Really hate to think about this, but it will soon be here.

Regards, Mike

http://www.accuweather.com/en/features/trend/fall_foliage_forecast_exceptio/33676385


----------



## Teslan (Aug 20, 2011)

Vol said:


> Really hate to think about this, but it will soon be here.
> 
> Regards, Mike
> 
> http://www.accuweather.com/en/features/trend/fall_foliage_forecast_exceptio/33676385


A chance of snow here on Friday.


----------



## vhaby (Dec 30, 2009)

A pair of ducks did a fly by yesterday evening...seems quite early for this 'here.'


----------



## swmnhay (Jun 13, 2008)

Predicting snow in the Black Hills today.

7" in Lead.That means a lot more higher up generaly.

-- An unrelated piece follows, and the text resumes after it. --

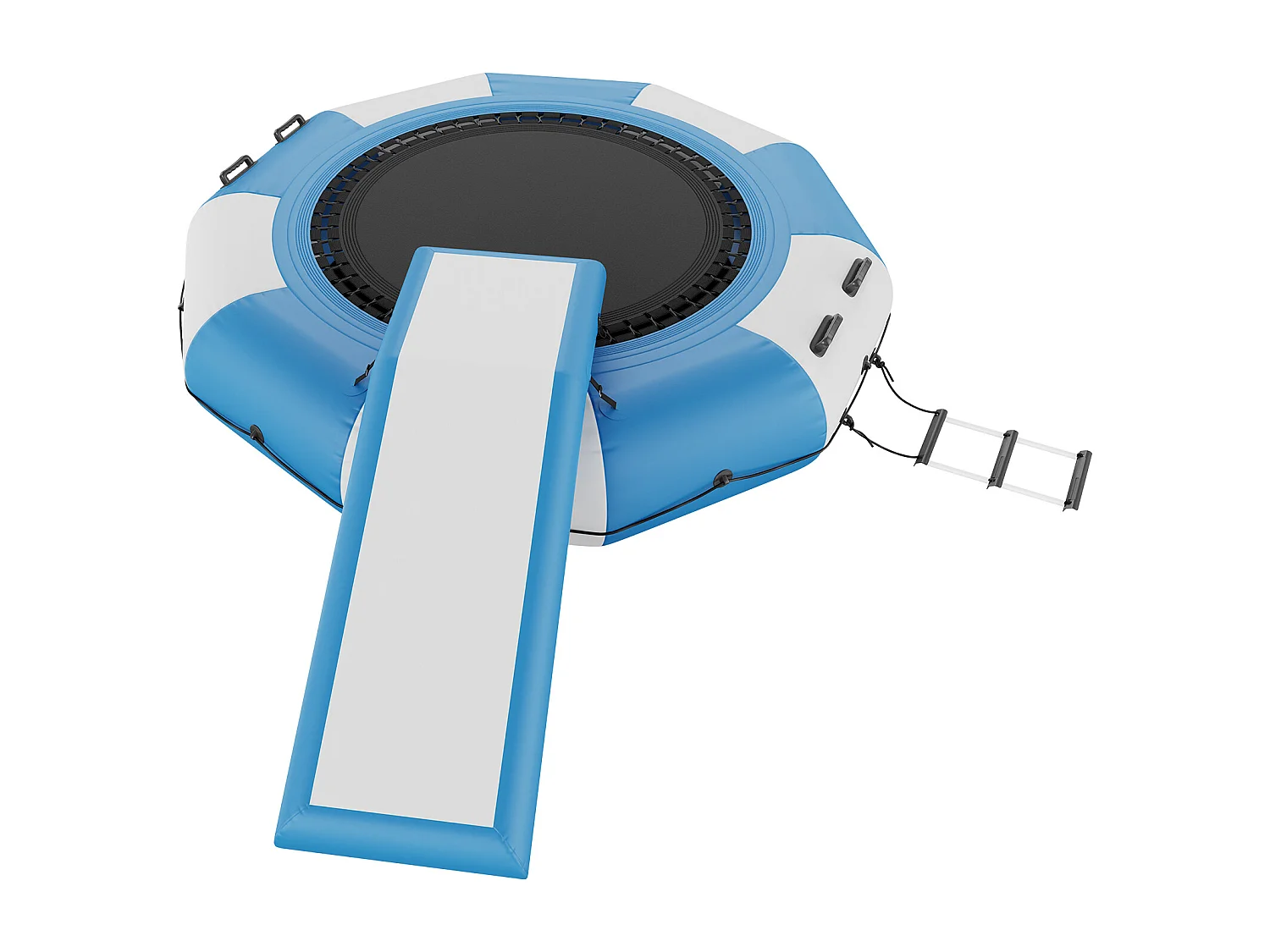 Nadmuchiwana Trampolina Wodna SucceBuy, 310 cm, Platforma Pływacka do Basenu i Jezior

Anybody for snowmobileing in Sept?


----------



## deadmoose (Oct 30, 2011)

Where is my September heat? That was the best part about back to school @ the U. Always hot for a couple weeks in September. And the college girls dressed accordingly.


----------



## Vol (Jul 5, 2009)

swmnhay said:


> Predicting snow in the Black Hills today.7" in Lead.That means a lot more higher up generaly.Anybody for snowmobileing in Sept?


Still have hay to bale the rest of this month and probably into the first part of October here. And I will probably plant my Orchard Grass next week.

Regards, Mike.


----------